Cities of God: 19th-Century European Encounters with Greek Catholicism
Katherine L. Younger
Yale UniversityFebruary 6, 2014
Center for Urban History, Lviv
The Greek Catholic Church's position on the boundary between two confessions and two empires meant that many diverse individuals and institutions across the whole of Europe felt they had a stake in the Church and its fate. Yet these "outsiders" are often relegated to a supporting role as historians focus on the internal development of the Church, its relationship to national identity, or the political activities of the clergy. By bringing them to the forefront, we can more clearly see the Church's place in the religious and social landscape of nineteenth-century Europe.
Katherine L. Younger's presentation highlights three particular links to the broader European community that simultaneously shaped the Greek Catholic Church and sparked broader interest in the Church across Europe. Each of these links is closely connected to the city in which they were forged: Vienna, Rome, and Paris. In Vienna, the chaplain of the Russian Embassy Fr. M.F. Raevskii assembled a circle of Greek Catholic seminarians; in Rome, the German canon law scholar Fr.

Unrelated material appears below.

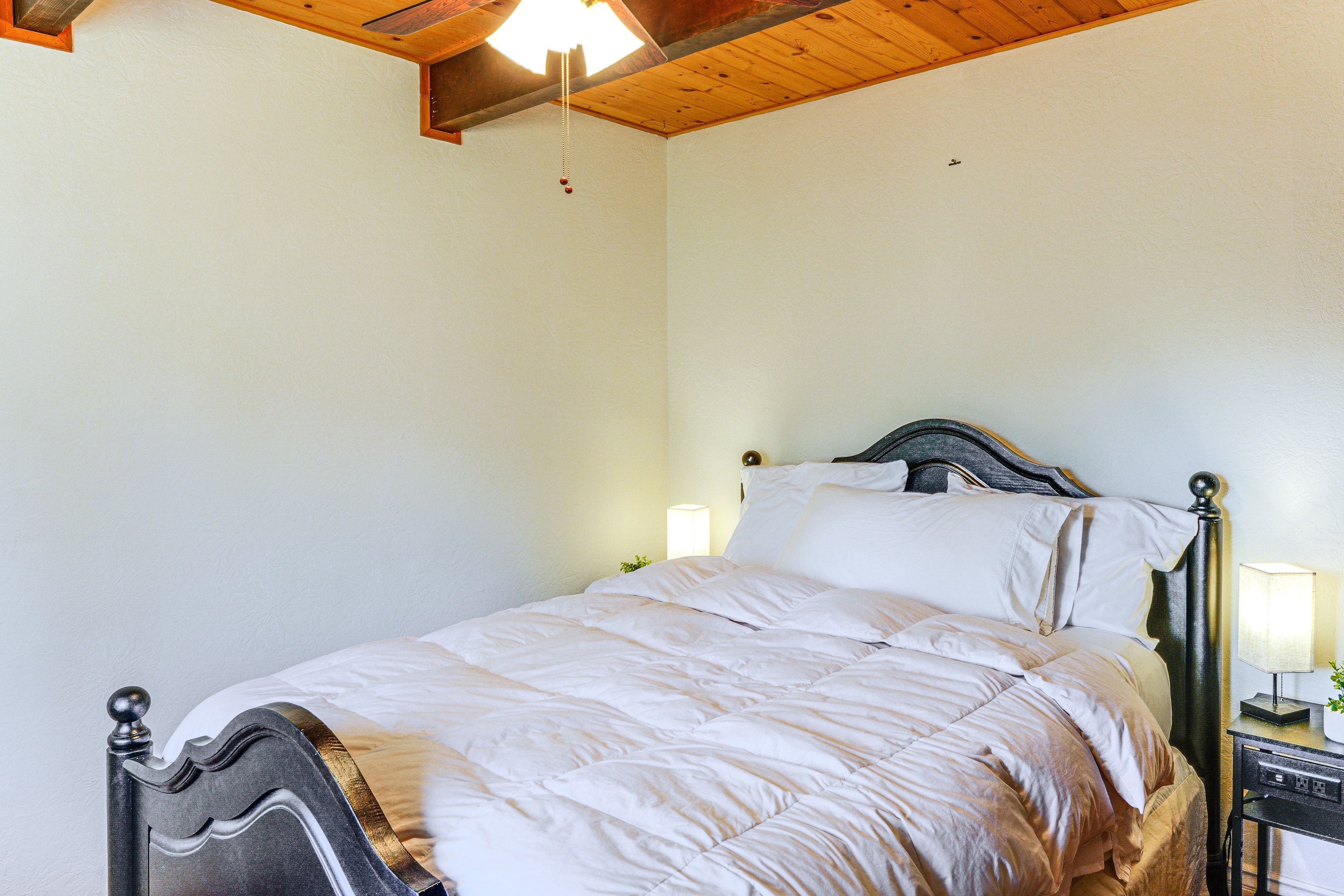 Bedroom 1 | Queen Bed | 1st Floor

Augustin Theiner served as an intermediary between the Greek Catholic hierarchy and the Vatican; and in Paris, the Polish-revolutionary-turned-Greek-Catholic priest Fr. Ippolit (Volodymyr) Terlets'kyi spearheaded the Oriental Society for the Union of All Christians in the East.
Through these three cases we can begin to draw conclusions about external interest in the Greek Catholic Church: What drew "outsiders" to the Church; what visions did they have for it; and what success did they have in realizing those visions?